What finally got her going again was a barking dog. It was an exceedingly ugly bark, bottomheavy but breaking to shrill bits in its upper registers. Each time the animal let go with it, it sounded as if it were puking up a throatful of sharp splinters. She had heard that bark before, although it might be better-quite a bit better, actually-if she managed not to remember when, or where, or what had been happening at the time.

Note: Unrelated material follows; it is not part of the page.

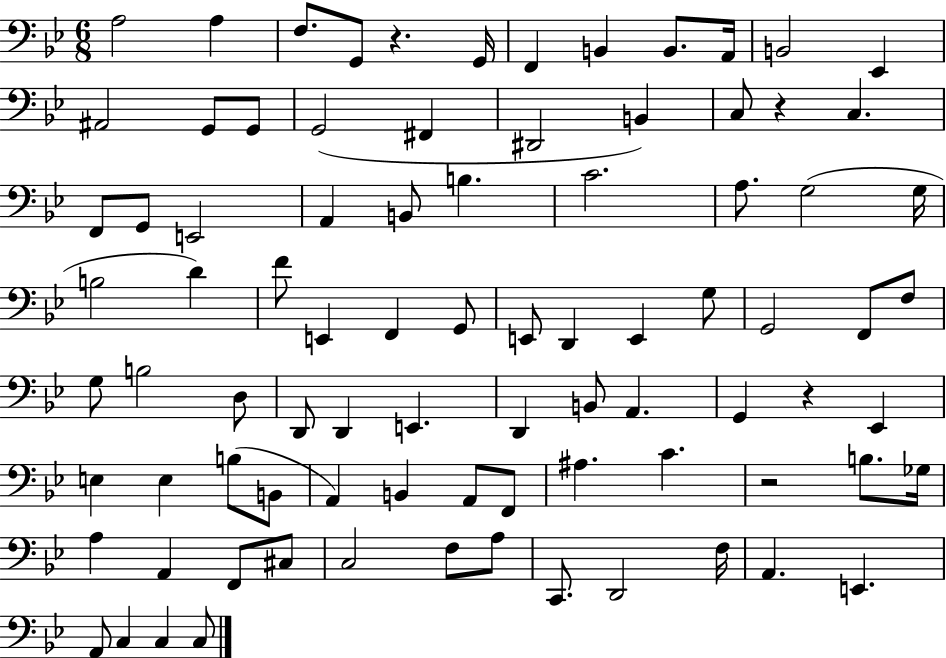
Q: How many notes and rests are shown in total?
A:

But at least it got her moving-left foot, right foot, hayfoot, strawfoot-and suddenly it occurred to her that she could see through the fog better if she opened her eyes, so she did. It wasn’t some spooky Twilight Zone hallway she saw but the master bedroom of their summer house on the north end of Kashwakamak Lake-the area that was known as Notch Bay. She guessed the reason she had felt cold was that she was wearing nothing but a pair of bikini panties, and her neck and shoulders hurt because she was handcuffed to the bedposts and her bottom had slid down the bed when she fainted. No tilted corridor; no foggy damp. Only the dog was real, still barking its fool head off. It now sounded quite close to the house. If Gerald heard that-
The thought of Gerald made her twitch, and the twitch sent complex spiral-sparkles of feeling through her cramped biceps and triceps. These tingles faded away to nothing at her elbows, and Jessie realized with soupy, just-waking-up dismay that her forearms were mostly without feeling and her hands might as well have been gloves stuffed with congealed mashed potatoes.